Nell looked down to the great foreleg that reached forward, leaving an angle where the hide of the monster looked less like roughened stone. If she plunged the knife right there, she just might strike the creature’s heart. Nell clutched the knife, and took a breath.
At that moment, the wolf gave a howl and Norman a cry. Nell couldn’t see anything beyond the body of the monster, but she guessed well enough. She heard a high-pitched, squeaky cry. The Prince had decided to join them.
The monster reared up, and Nell caught a glimpse of the Prince, lunging in and stabbing at the dragon with a sword that was far too big for him—the idiot.
No time now to try and reach the monster’s heart.

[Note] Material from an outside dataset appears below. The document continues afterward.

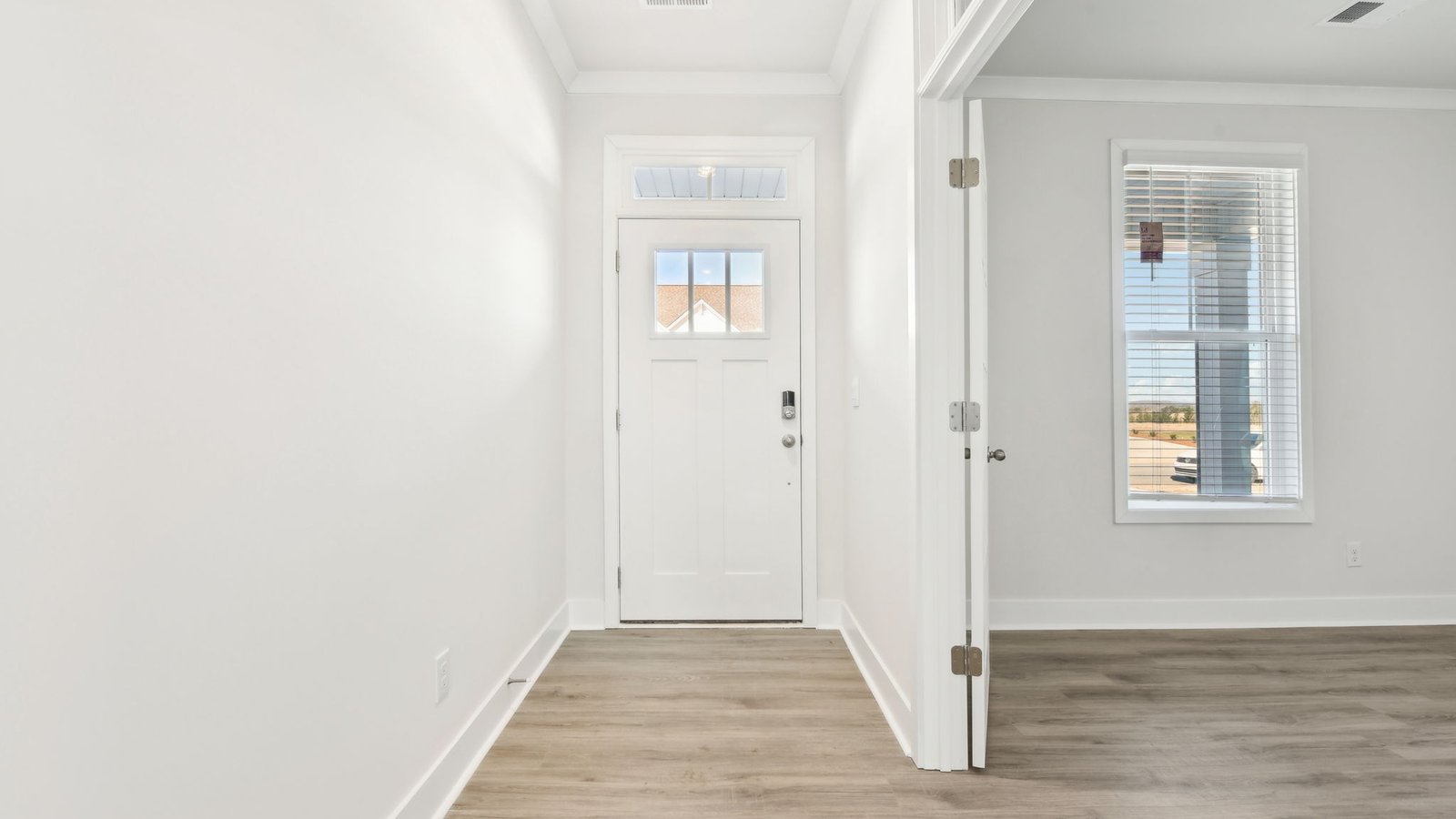 Welcoming foyer with view of front door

Nell stabbed wildly with the cursed knife, catching the beast barely a glancing blow on its iron flank. But the shock of the stab ran up Nell’s arm, numbing it to the shoulder and causing her to gasp with pain, while the dragon gave a screeching bellow that sounded like mountains being torn asunder.

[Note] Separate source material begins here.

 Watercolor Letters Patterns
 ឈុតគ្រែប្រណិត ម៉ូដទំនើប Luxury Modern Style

Nell staggered as the monster writhed and flailed. She felt herself caught, then dragged away as the air filled with choking smoke and steam. And as the world spun and churned around her, Nell had one thought: her father would have liked to hear this story.

The Story of Nell—A Fairy Tale, Chapter 5


Fairy Tales,Original

The echoes had died, and Nell was prepared to knock again, when suddenly she heard the sound of a great bar sliding back. With a rumble and a creek, one of the doors opened a crack.

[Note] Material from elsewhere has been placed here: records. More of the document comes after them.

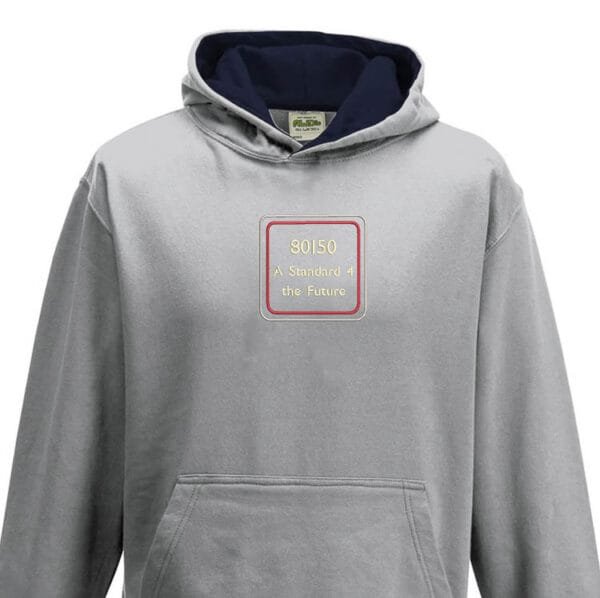 80150 Kids Grey Navy Hoodie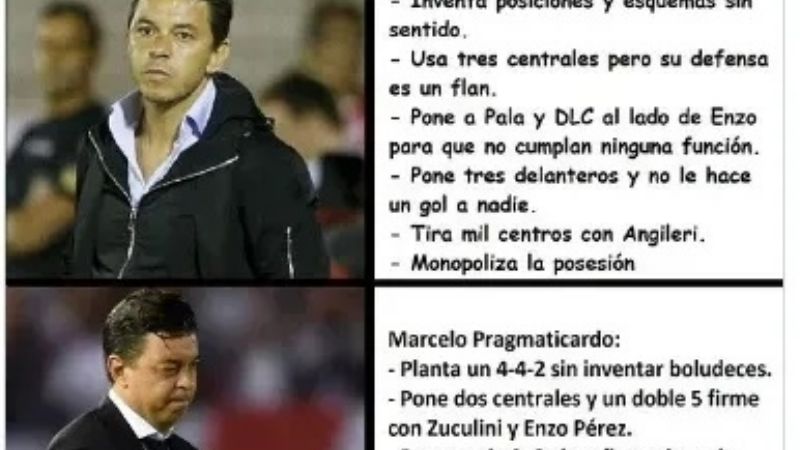 Las cargadas a River, por la eliminación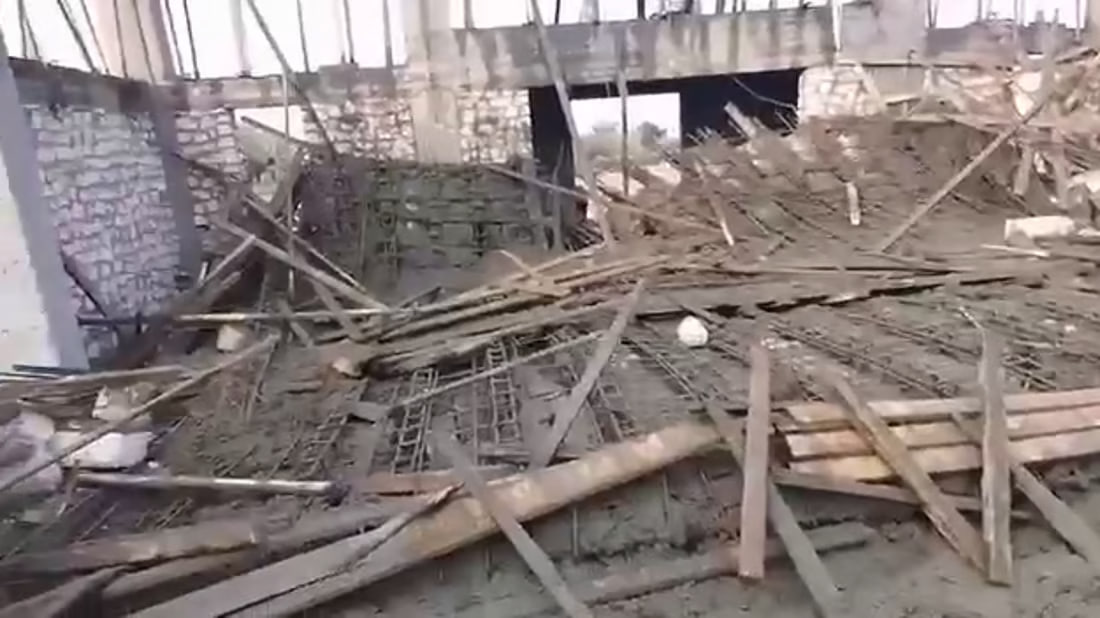 Nine workers injured in Anah city mosque ceiling collapse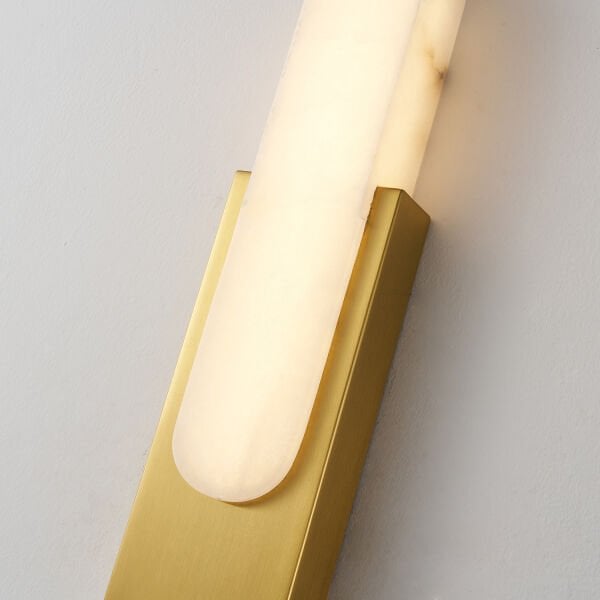 Lunelle Eskitme Mermer Desenli Modern Salon Led Aplik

“Go away!” cried a voice. “Can’t you see this place is under a curse?”
“Yes,” said Nell, “but we want to help.”
“No! No! Now, go away!”
But Nell wasn’t about to be put off. She wedged the toe of her heavy shoe into the crack of the door. “Now, listen,” she said, patiently. “We want to help. Open this door and let us inside.” She looked back down the stairs and waved her companions forward. The wolf leaped up the stairs, while Norman came tripping up behind.
The sound of complaint and protest came from behind the doors, but Nell ignored it. “Come on,” she said to Norman, “grab hold.”
The two of them seized the edge of the great door and heaved. As the door swung wide, there came a shriek from the darkness inside, and then the sound of running feet.
As Nell caught her balance, the wolf slipped past and into the darkness. A moment later, he had a figure pinned to the floor.
“We need some light,” said Nell, and Norman found a lamp and lit it with his flint and tinder. In the soft glow of the light, Nell saw the wolf, one paw holding a figure on the floor.
“Your Highness,” gasped Norman.
Nell peered down at what must be the prince. He was a mess. His face and hair were grimed with soot, his clothes spattered with grease and food stains.
“Let me up this instant!” cried the prince, writhing beneath the paw of the wolf.
“Let him up,” said Nell, and the wolf released him.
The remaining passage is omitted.